Chinese cap-and-trade programme sees first trades

10 February, 2010

US investment bank Citi and Gazprom Market & Trading (GM&T) have conducted the first trades in a municipal-based emissions trading programme in China.

The two companies have bought so-called Carbon Emissions Allowances (CEAs) through the Tianjin Climate Exchange (TCX), said Dan Barry, deputy director of global carbon at GM&T.

“We’ve both committed to up to a certain volume at a certain price, if the companies in the pilot phase exceed their target,” he told Carbon Finance. Without disclosing the exact size of the trades, Barry said they are valued at less than $100,000.

The allowances are for a mandatory emissions intensity-based trading programme in Tianjin, targeting municipal heat suppliers: those that beat their target, measured in coal consumption, will be able to sell surplus CEAs at the end of the heating season in spring to those that have missed their target, subject to verification.
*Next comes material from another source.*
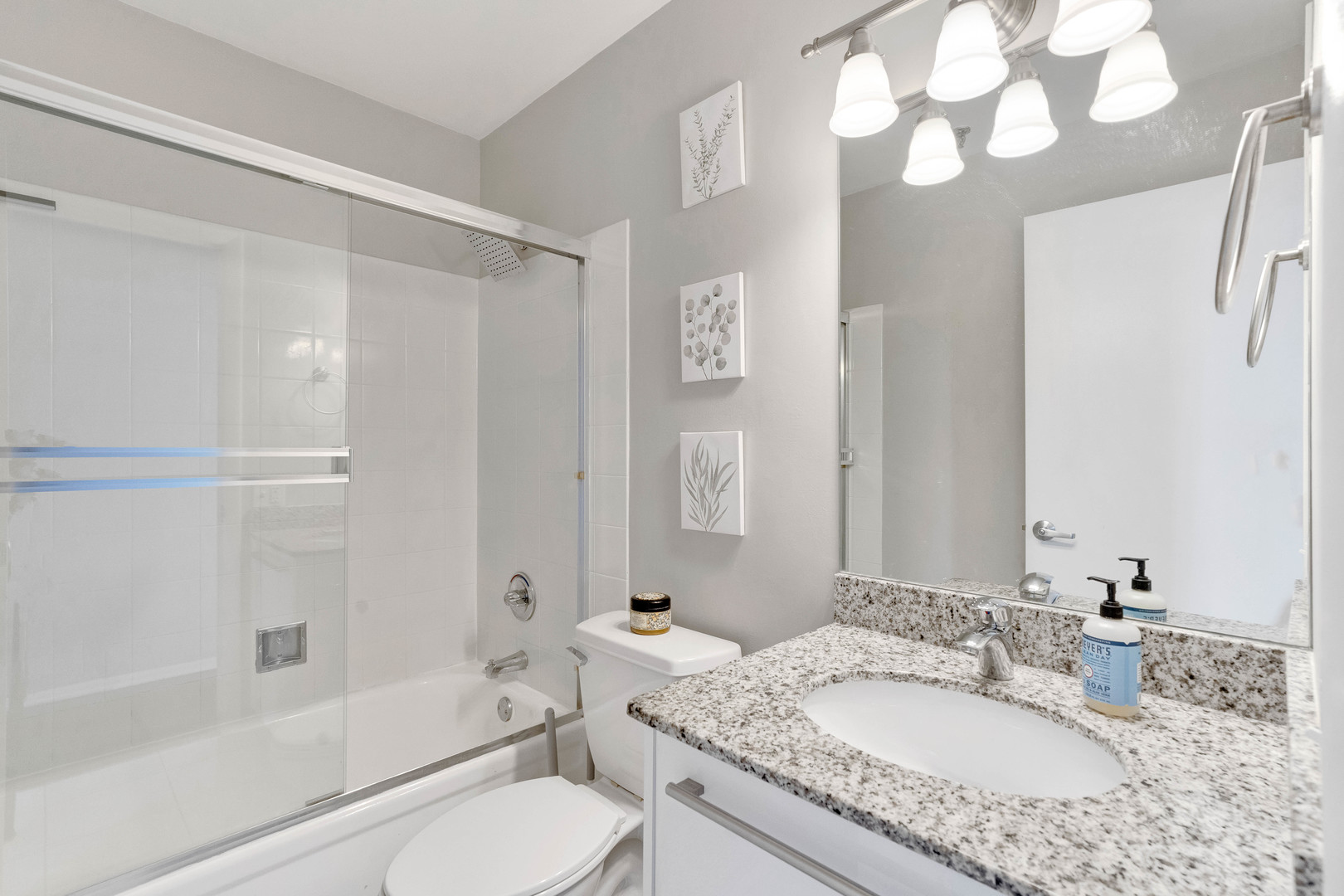 780 South Federal Street, Unit 1210 Chicago, IL 60605 - Photo 18 of 20 a bathroom with a granite countertop sink a toilet and shower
The targets are based on the emissions-intensity goals in the government’s last five-year plan; the next plan is due in 2011.

Barry explained “effectively, it’s cap and trade ... it’s akin to the early stages of the EU Emissions Trading Scheme [ETS], just emissions intensity-based.”

GM&T and Citi undertook the trades in roles similar to liquidity providers, Barry said.

“Banks, like Citi, focus on deploying capital and earning a return,” said Garth Edward, the London-based head of emissions markets at Citi.

Both Barry and Edward noted that the programme is in a trial phase, and will be rolled out to more companies in the city as time passes. “If and when there is a large-scale roll out, there will be a more ETS-like market,” said Barry.

However, both stressed that it is not necessarily a precursor to a national ETS, with Edward pointing out that – as with all trials – there will be lessons to learn before a wider programme is introduced. “That’s how the EU ETS came about,” he said, citing pilot programmes by the UK and Denmark.

Edward added: “China has the largest emissions in the world, and China will play a leading role in any meaningful response to global climate change.” He added that “if we’re going to see meaningful emission reductions across the economy then we will need a raft of policies such as regulation, technology incentives and cap and trade”, rather than the ad hoc project-based Clean Development Mechanism, which is currently the primary market-based mechanism for reducing emissions in China.

Barry said that it is more likely that other cities – such as Beijing and Shanghai – may look to create their own programmes before a national ETS evolves.

The Tianjin municipal government, TCX and Arreon Carbon jointly designed the programme. Arreon, an originator and buyer of carbon credits, said that it is hoping to expand the regime into China’s first “realistic, implementable carbon-intensity scheme”.